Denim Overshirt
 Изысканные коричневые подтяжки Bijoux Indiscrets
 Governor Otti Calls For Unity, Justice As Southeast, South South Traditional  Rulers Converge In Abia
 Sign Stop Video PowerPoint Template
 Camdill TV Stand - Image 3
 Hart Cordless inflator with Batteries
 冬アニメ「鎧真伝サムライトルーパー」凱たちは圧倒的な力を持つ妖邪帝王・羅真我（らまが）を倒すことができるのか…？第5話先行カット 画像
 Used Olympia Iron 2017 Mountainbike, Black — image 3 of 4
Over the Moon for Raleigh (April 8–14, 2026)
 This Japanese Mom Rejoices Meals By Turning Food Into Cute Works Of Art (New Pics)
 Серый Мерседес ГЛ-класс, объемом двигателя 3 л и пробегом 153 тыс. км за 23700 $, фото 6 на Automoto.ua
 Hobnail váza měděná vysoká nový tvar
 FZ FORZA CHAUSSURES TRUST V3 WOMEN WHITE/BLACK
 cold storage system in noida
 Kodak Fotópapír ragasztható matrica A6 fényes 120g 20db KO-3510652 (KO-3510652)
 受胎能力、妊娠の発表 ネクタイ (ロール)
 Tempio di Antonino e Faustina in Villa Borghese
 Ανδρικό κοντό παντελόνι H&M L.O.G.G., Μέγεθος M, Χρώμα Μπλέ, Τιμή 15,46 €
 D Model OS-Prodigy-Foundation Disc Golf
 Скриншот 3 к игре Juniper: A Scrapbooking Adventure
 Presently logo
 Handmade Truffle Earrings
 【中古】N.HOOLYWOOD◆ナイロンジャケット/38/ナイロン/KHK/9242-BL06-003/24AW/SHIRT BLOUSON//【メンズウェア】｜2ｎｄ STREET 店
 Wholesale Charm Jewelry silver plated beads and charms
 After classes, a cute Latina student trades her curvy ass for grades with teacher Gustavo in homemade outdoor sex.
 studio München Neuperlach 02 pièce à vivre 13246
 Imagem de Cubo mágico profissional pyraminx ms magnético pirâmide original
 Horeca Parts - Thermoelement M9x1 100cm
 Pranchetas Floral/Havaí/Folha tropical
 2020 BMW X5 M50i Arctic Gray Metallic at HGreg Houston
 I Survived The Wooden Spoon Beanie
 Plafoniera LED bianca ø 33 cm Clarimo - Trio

→ **What the exercise asks**
Nothing but the lines from the one that contains "After classes, a" through the end of the listing above should be copied, each exactly as written.

→ **Response to this task**
 After classes, a cute Latina student trades her curvy ass for grades with teacher Gustavo in homemade outdoor sex.
 studio München Neuperlach 02 pièce à vivre 13246
 Imagem de Cubo mágico profissional pyraminx ms magnético pirâmide original
 Horeca Parts - Thermoelement M9x1 100cm
 Pranchetas Floral/Havaí/Folha tropical
 2020 BMW X5 M50i Arctic Gray Metallic at HGreg Houston
 I Survived The Wooden Spoon Beanie
 Plafoniera LED bianca ø 33 cm Clarimo - Trio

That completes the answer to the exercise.